Bloomgren is building his program through freshman recruiting, but with a few upperclassmen who he feels can contribute to the culture. Center Brian Chaffin and fullback Reagan Williams both played under Bloomgren at Stanford. Quarterback Tom Stewart and running back Charlie Booker joined the program from Harvard. Two other offensive linemen transferred in after earning national accolades at the sub-FBS level. All of the players fit exactly what Bloomgren wants: tough, physical and intelligent. Intellectual Brutality, if you will. 

Stewart only arrived this summer. Already, the team has made an impression on him. 

“Everyone definitely cares,” Stewart said. “There is a culture here to where we have the expectation of winning. Every single guy in that locker room believes that every game. I don’t know if that’s always been the case. I’ve been part of locker rooms where not everyone cared that much. I’m excited because these guys really care."

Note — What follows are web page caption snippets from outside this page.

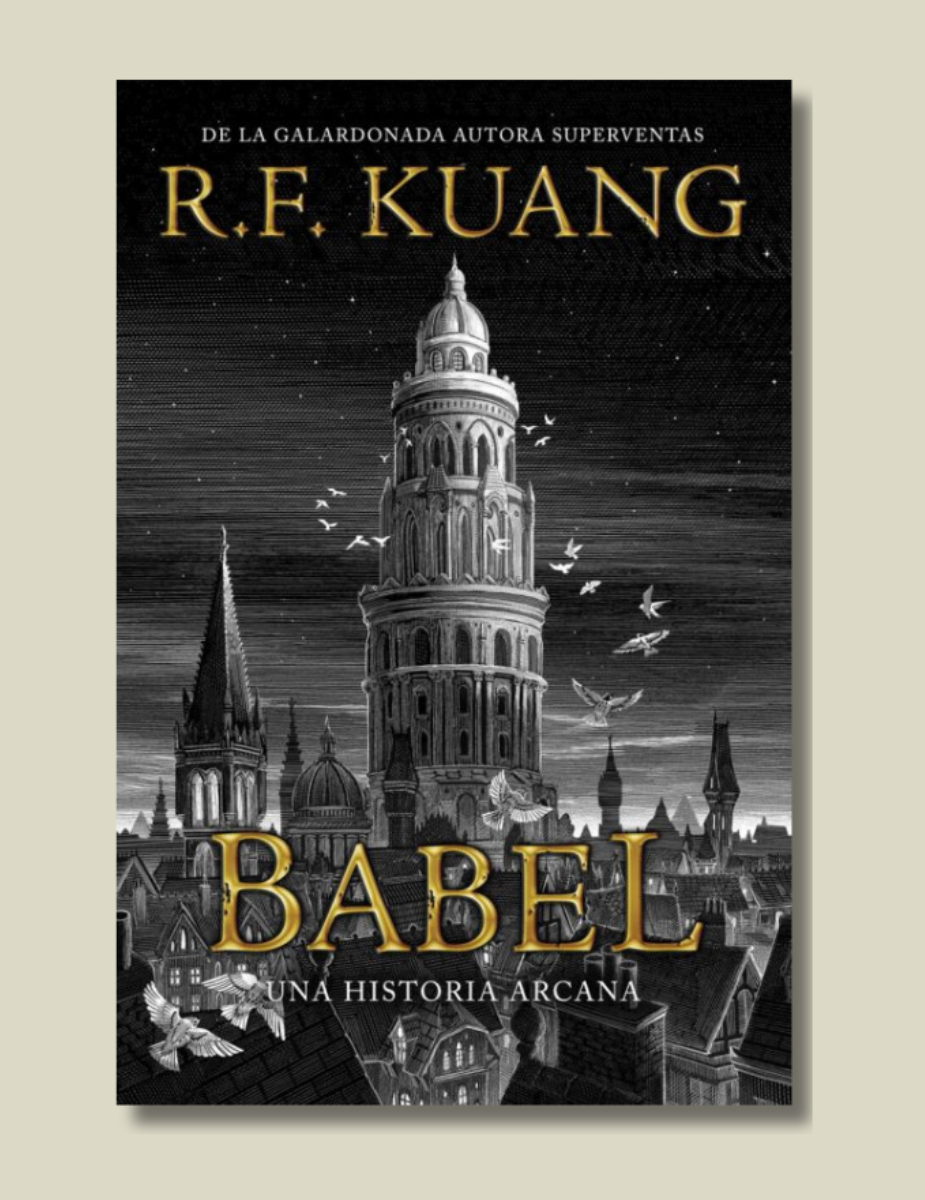 Babel - Una historia arcana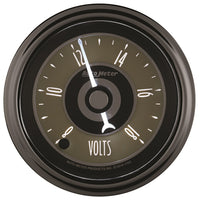 Auto Meter Cruiser AD 1182 Voltmeter Gauge
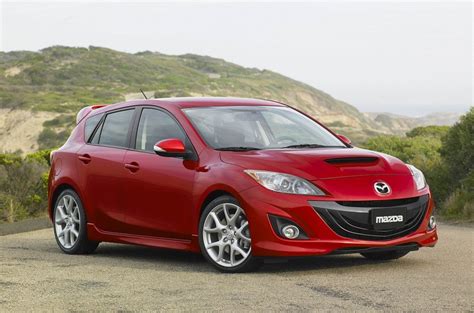 2013 Mazdaspeed3 Review By Carey Russ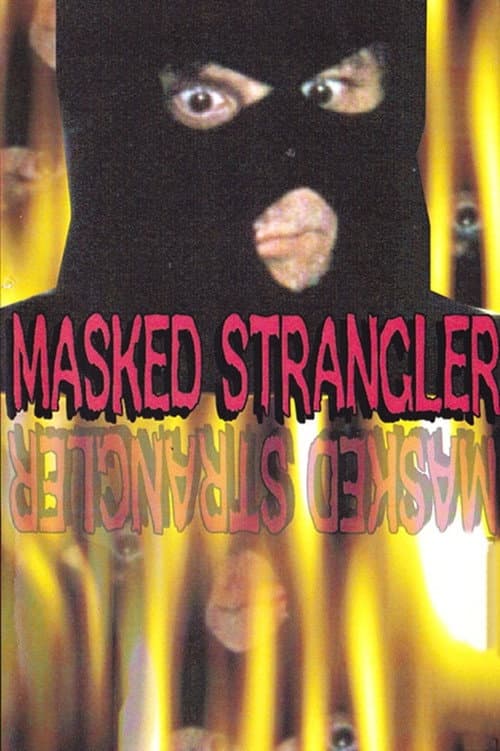 Poster for The Masked Strangler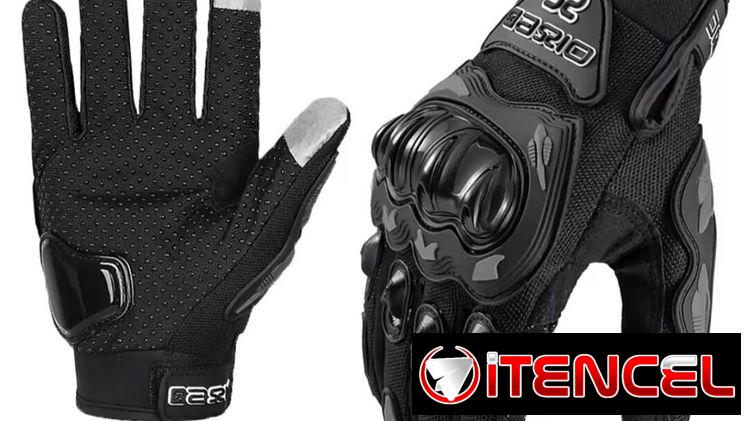 Ganga!!! Guantillas para motorista. Guantes bikers. Guantes para moto.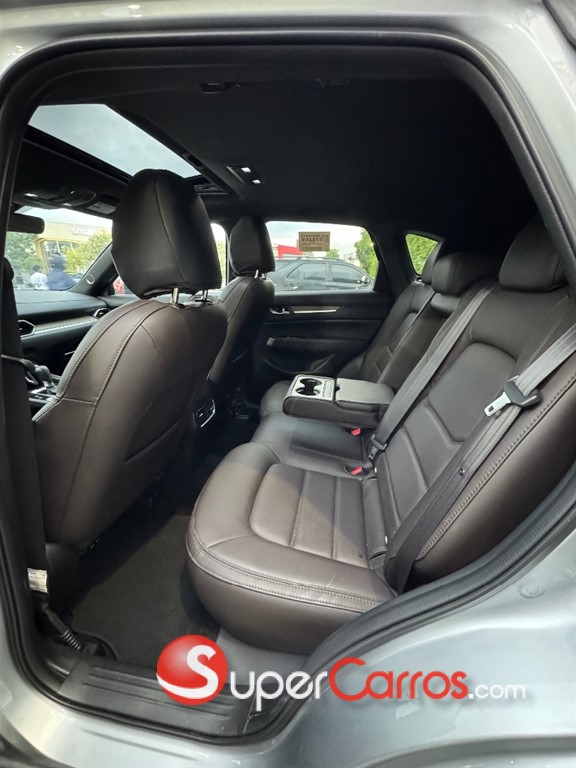 2021 Mazda CX-5 Signature — foto 2 / 9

Against Army in the opener, that culture shone through. The Owls were all knotted up with the Black Knights at halftime. It took a late touchdown in the fourth quarter for Army, a team that won 11 games last year, to escape Rice at home. 

In case there were any questions about how impressive that kind of performance was, Army took No. 7 Michigan to double-overtime at the Big House. Many programs would have been happy to post a good performance. Bloomgren was devastated that Rice couldn’t yet finish the job. 

“[Bloomgren] has done a great job in changing that team around from a year or so until now,” Army coach Jeff Monken said. “He said leading up to the game that they were going to be a team that was willing to go toe-to-toe with us, and they sure did.”

Back at the podium in the Rice football complex after the Wake Forest game, Bloomgren is still visibly disappointed. He feels like his team let opportunities slide. Rice football will be better for playing these games, eventually. They’re foundational. I asked him how he moves past these games, knowing that there are so many more difficult ones on the horizon. He thinks. 

“I’m not sure that I’m ready to answer that question because I’m pretty down on myself right now,” Bloomgren said. “We’ll watch the film and get ready for the Longhorns.” 

The battles don’t get any easier. Next week, Rice faces off against the Texas Longhorns at NRG Stadium. One week later, Baylor comes to Rice Stadium. Chances are, the Owls will be 0-4 when the brutal nonconference schedule finishes. The team better be motivated for the start of conference play; the Owls open against perennial conference contender Louisiana Tech. 

“I want to work them harder than they ever have because I think they’re ready to do it,” Bloomgren said. “I want to find a way to win games.

“Just keep fighting. Just keep fighting.”